Katie Lunn, 26, of Chicago, a beloved dance teacher and performer, was killed when her vehicle was hit at 9:40 p.m. Friday by an Amtrak train at Stuenkel Road in south suburban University Park.

Hours before she was struck, work crews had been out at the crossing, but a spokesman for the Canadian National Railway would not comment on what the crews had been doing.

Many CN trucks and crews were at the scene again Saturday.

Brown, her friend Lisa Smith and Lunn crossed the tracks in three separate vehicles, Brown and Smith said. Lunn was the last to cross. All were leaving the American Dance Awards contest at Governors State University.

Brown was driving a vehicle carrying her two daughters and one of their friends. The darkness and the layout of the crossing made it difficult to see, she said.
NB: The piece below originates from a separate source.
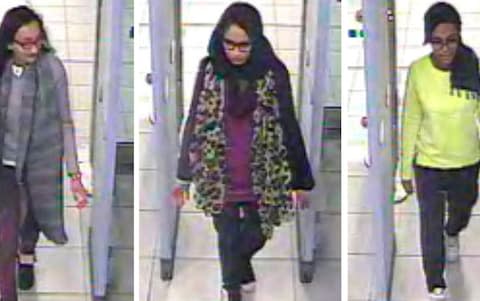 Kadiza Sultana, left, Shamima Begum, center, and Amira Abase going through security at Gatwick airport - Credit: Metropolitan Police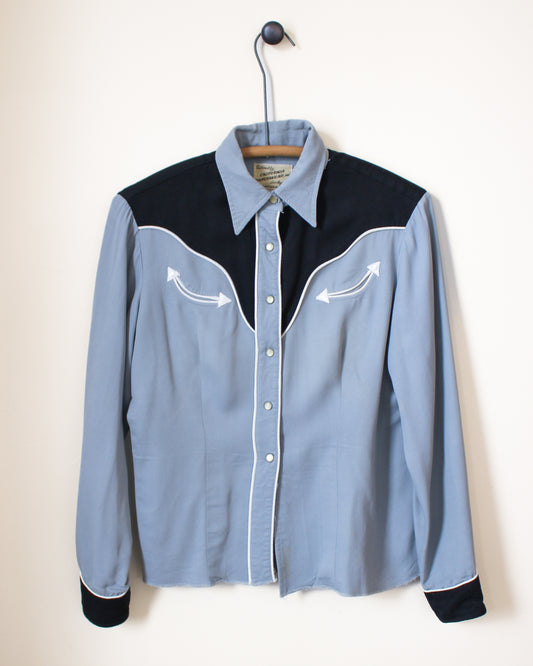 Blue and black button-up shirt on a hanger against a white background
"The gates did not go down, and there were no lights,” Brown said. “I couldn’t have gotten more than five feet beyond the tracks when the train came speeding by.”

The gates didn’t lower until the train was almost past, she said. “They came down as the second-to-the last car on the train was going past.” Then the gates popped up. “It was almost instantaneous.’’

Smith was in her own vehicle with her son. “There were no flashing lights,” Smith said. “The gates did not come down. They flipped down and flipped back up.”

After crossing the tracks, “I heard a thud,’’ Brown said, and she saw a cloud of brown dust and debris. At the time she assumed it was just the sheer, rushing force of the train, but she says she now knows it was the impact of the train hitting Lunn’s vehicle.

After her shock wore off a few minutes later, Brown said she called 911 to report the gates weren’t working. “I didn’t realize [Lunn was struck] till one of the kids’ friends texted us.”

CN spokesman Patrick Waldron acknowledged “there were CN crews working at that crossing on Friday.” Asked if he could say what they were doing, he said, “No, that’s all a part of the investigation.”

He added: “The circumstances of the incident, including the grade crossing signal system, are still under investigation. This is a very unfortunate and tragic incident, and our condolences go out to the family of the young woman.”

Lunn studied dance at Oklahoma City University and was a teacher at the Joffrey Ballet school and at Naperville’s School of Performing Arts, where she also managed its Dance Ensemble Company. She performed with Chicago Dance Theatre and the Hip Hop ConnXion, said Altin Naska, a ballet master at the Naperville school.

She was a gifted instructor with a sweet presence, Naska said.

“She just loved to teach and loved kids,’’ said her father, Jerry Lunn. “That’s what her life was. . . . She told me, ‘I’m living my dream.’ ”

Amtrak spokeswoman Vernae Graham referred questions about the accident to CN. “CN operates those tracks,” said Graham. “We lease those tracks from them.”